— TASK TO COMPLETE —
Could you transcribe the entries below exactly, starting at the line that contains "Ameliyatsız Burun Kaldırma" and stopping at the last line, without any pictures?

— SUPPLIED DATA —
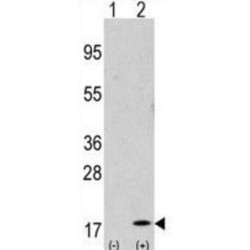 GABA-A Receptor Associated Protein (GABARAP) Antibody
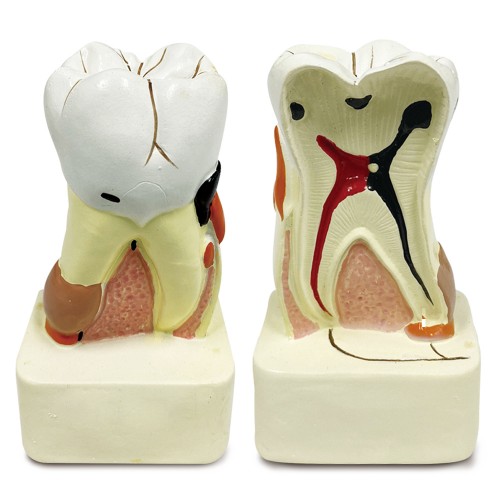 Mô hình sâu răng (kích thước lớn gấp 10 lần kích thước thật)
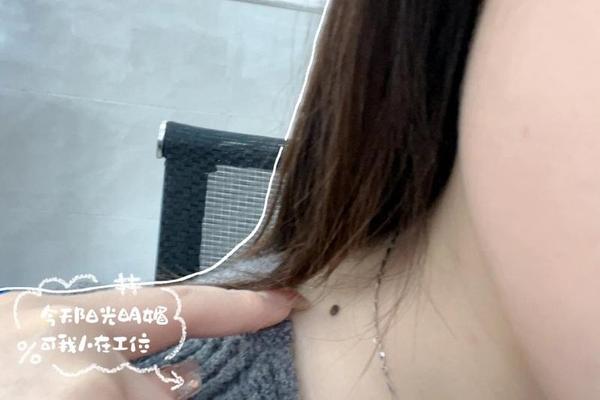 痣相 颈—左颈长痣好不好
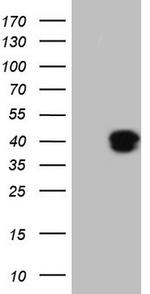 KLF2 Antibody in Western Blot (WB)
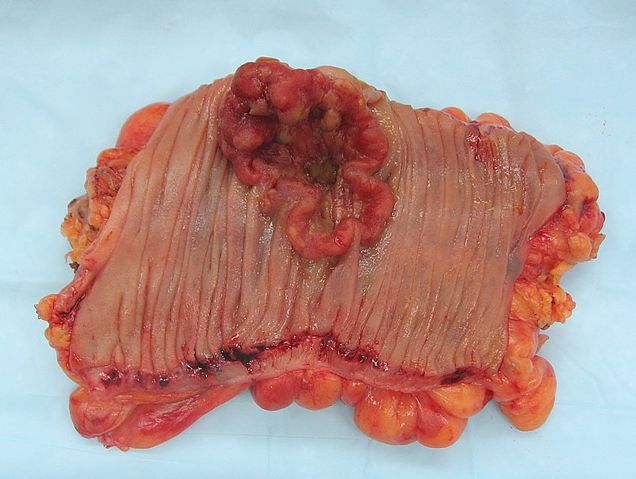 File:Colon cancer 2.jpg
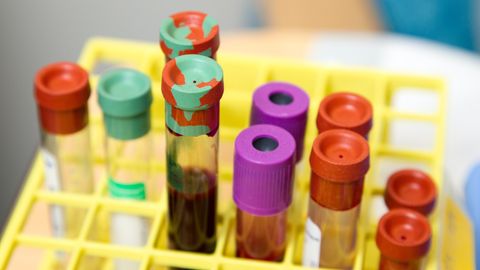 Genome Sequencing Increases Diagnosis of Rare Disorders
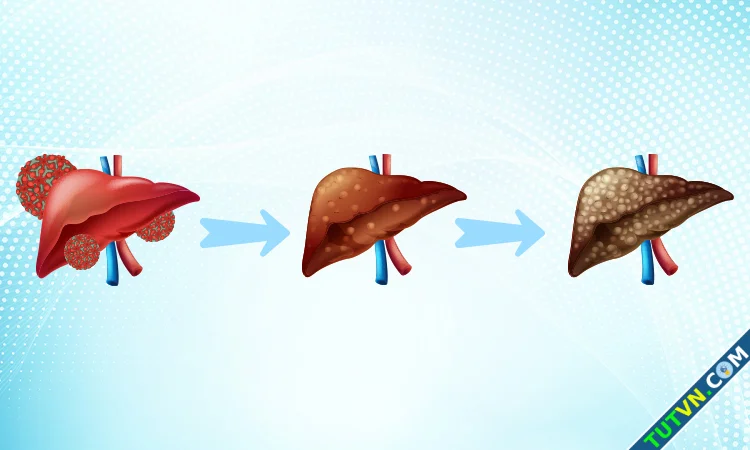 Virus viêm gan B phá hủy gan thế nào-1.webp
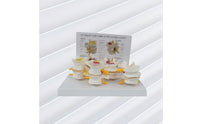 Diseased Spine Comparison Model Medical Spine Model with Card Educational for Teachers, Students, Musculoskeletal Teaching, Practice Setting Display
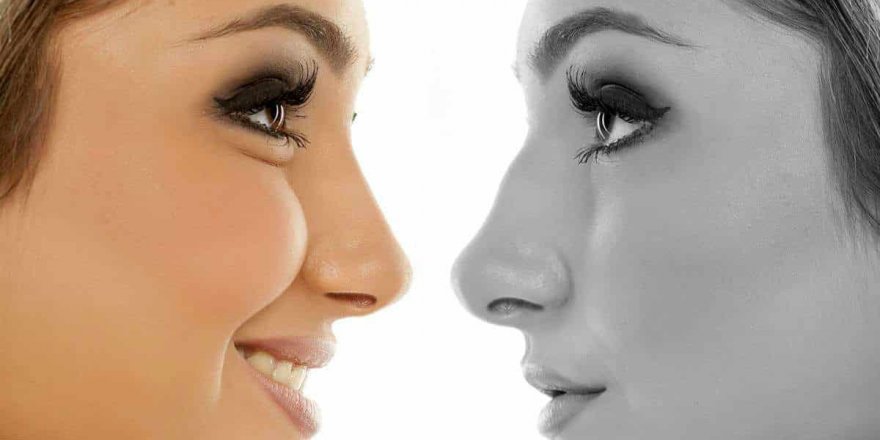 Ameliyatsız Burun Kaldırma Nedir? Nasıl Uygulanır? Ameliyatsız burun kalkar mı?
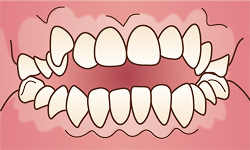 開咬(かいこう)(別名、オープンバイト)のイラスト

— OUTPUT OF THE EXERCISE —
 Ameliyatsız Burun Kaldırma Nedir? Nasıl Uygulanır? Ameliyatsız burun kalkar mı?
 開咬(かいこう)(別名、オープンバイト)のイラスト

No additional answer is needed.